A panel of scientists that advises North Carolina's Coastal Resources Commission, a state policy panel, said coastal communities should plan for about 39 inches of sea level rise by 2100 based on seven scientific studies.
That drew a backlash from a coastal economic development group called NC-20 that called it fake science. The group said making development take into account 39 inches of sea level rise could undermine the coastal economy, raise insurance costs and turn thousands of square miles of coastal property into flood plains that could not be developed.
During floor debate Tuesday, Rep. Pat McElraft, a Republican who sponsored the bill, questioned the scientific accuracy of climate change and said that sea level rise along North Carolina's coast in the last century had averaged 8 inches.
The legislation calls for the coastal resources commission to deliver a new study of recommended sea level rise by 2015.
Democratic lawmakers, who are in the minority in both chambers, argued against the legislation, noting it had made the state a butt of jokes. Television comedian Stephen Colbert joked recently that North Carolina was considering making sea level rise illegal.
"This bill is basically like saying to your doctor, ‘Don't do any tests on me, and if you do any tests and find something wrong, don't tell me for four years,'" state Representative Deborah Ross, a Democrat, said. "By putting our heads in the sand literally, we are not helping property owners. We are hurting them. We are not giving them information they might need to protect their property. Ignorance is not bliss. It's dangerous."

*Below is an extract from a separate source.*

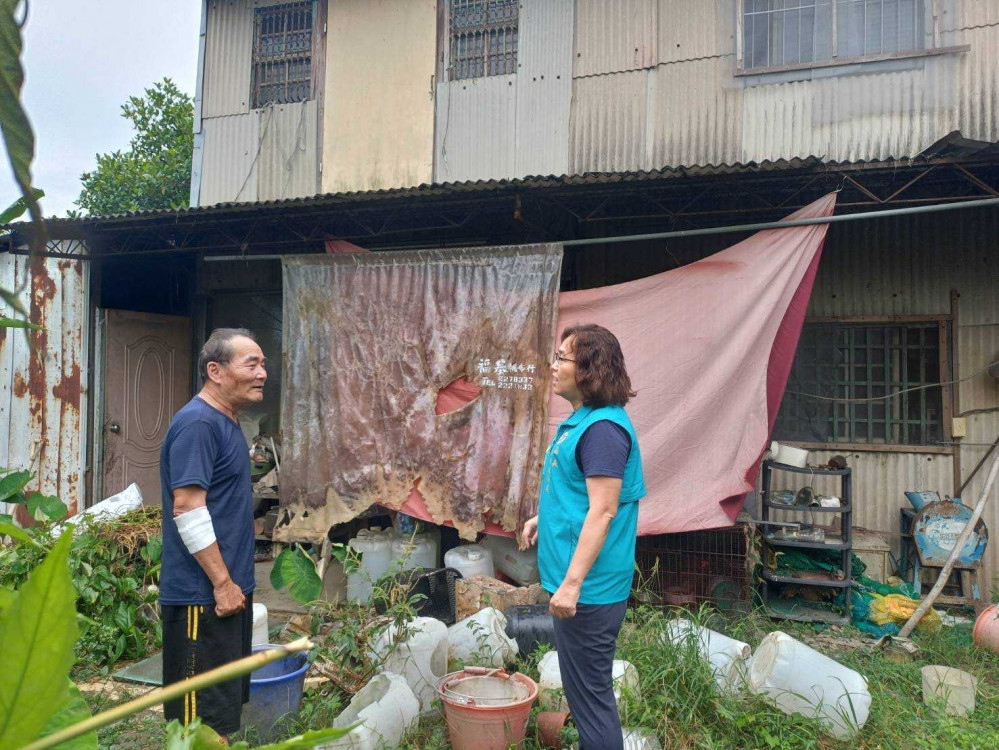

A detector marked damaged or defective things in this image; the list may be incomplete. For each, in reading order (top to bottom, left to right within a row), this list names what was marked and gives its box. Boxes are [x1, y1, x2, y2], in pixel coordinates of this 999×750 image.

rusty metal sheet [280, 244, 564, 544]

The legislation goes now to Governor Beverly Perdue, who has not indicated her position on the bill. The governor has 10 days to sign the bill, veto it, or let it become law without her signature.
If Perdue vetoes it, state law requires the governor to call the General Assembly back into session to consider an override of the veto.
Perdue has issued 19 vetoes during the 2011-12 sessions, the most of any North Carolina governor. The Republican-led legislature has overridden 11 vetoes.